ISLAMABAD, Nov 30 (Reuters) – Saudi Arabia will deposit $3 billion in Pakistan’s foreign reserves in a week or so for one year at 4% interest under a support package signed on Monday, Pakistan’s finance ministry spokesman said on Tuesday.
The South Asian nation has faced growing economic challenges with sliding foreign reserves, a widening current account deficit, a depreciating currency and high inflation.
Pakistan’s total liquid foreign reserves stand at $22.77 billion, according to the central bank.
The Saudi support package that included a $1.2 billion oil loan facility was agreed during Prime Minister Imran Khan’s visit to Riyadh last month.

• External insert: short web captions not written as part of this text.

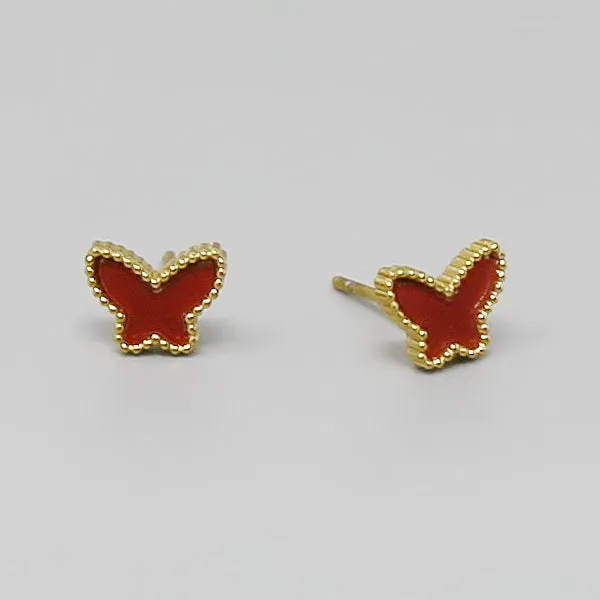 Butterfly Stainless Steel Stud Earrings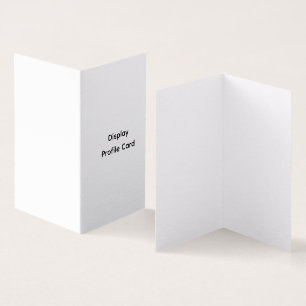 Custom Business Information Display Profile Card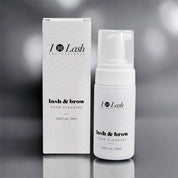 Lash and brow foam cleanser for eyelash extensions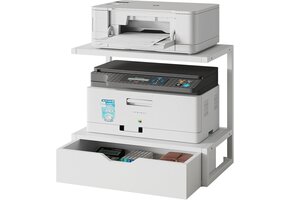 Printerstandaard Wit | 2 Printers + Laden | 52% Korting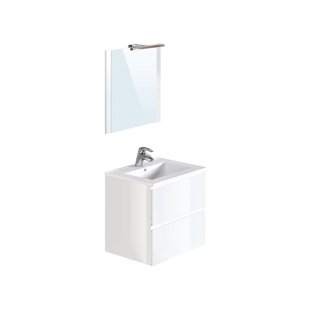 T-bath Badmeubelset Milenio 60cm Glanzend Wit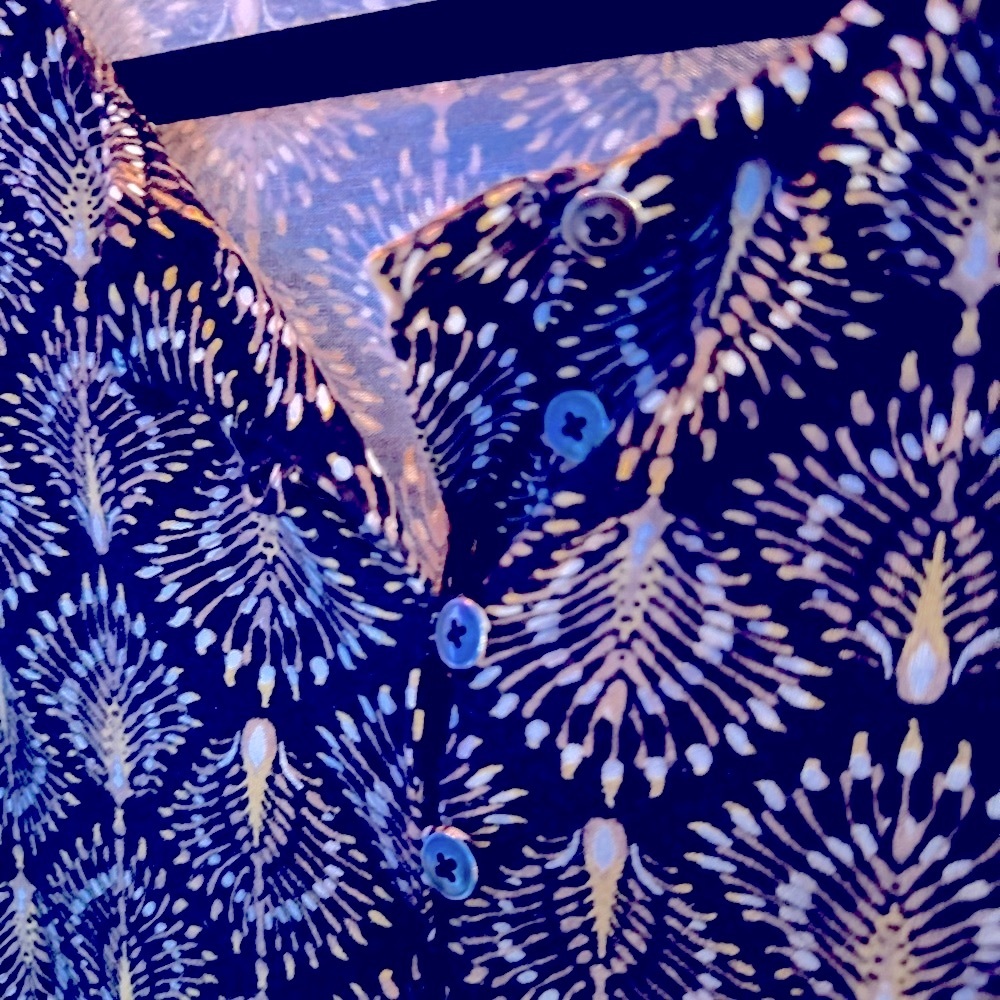 ⭐️J.JILL Geometric Border Print Medallion 3/4 Sl. Shirt, Sz.M, Rayon/Tencel Mix👀 - Picture 6 of 12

Asked when the Saudi deposit would land in Pakistan’s foreign reserves, Finance Ministry spokesman Muzammil Aslam told Reuters: “Hopefully this week or early next week.”
He said it was a “one year demand deposit” with 4% interest.
Chief Executive Officer Sultan Bin Abdul Rahman Al-Marshad of the Saudi Fund for Development (SFD) and Pakistan’s State Bank Governor Reza Baqir signed the agreement in Karachi on Monday, the central bank said in statement.
“Under this deposit agreement, SFD shall place a deposit of USD 3 billion with SBP. The deposit amount under the agreement shall become part of SBP’s Foreign Exchange Reserves,” it said.
The Saudi facility has come a week after the International Monetary Fund (IMF) agreed with Pakistan on measures needed to revive a stalled $6 billion funding programme.
The completion of the review, pending since earlier this year, would make available 750 million in IMF special drawing rights, or around $1 billion, bringing total disbursements so far to about $3 billion, the statement said.
The central bank has raised its benchmark interest rate by 150 basis points to 8.75% to counter inflationary pressures and preserve stability with growth.
Headline inflation had reached 9.2% in October, up from 8.4% two months earlier, and the Pakistani rupee that closed at 175.72 at inter-bank against a dollar has depreciated over 11% since the start of this year.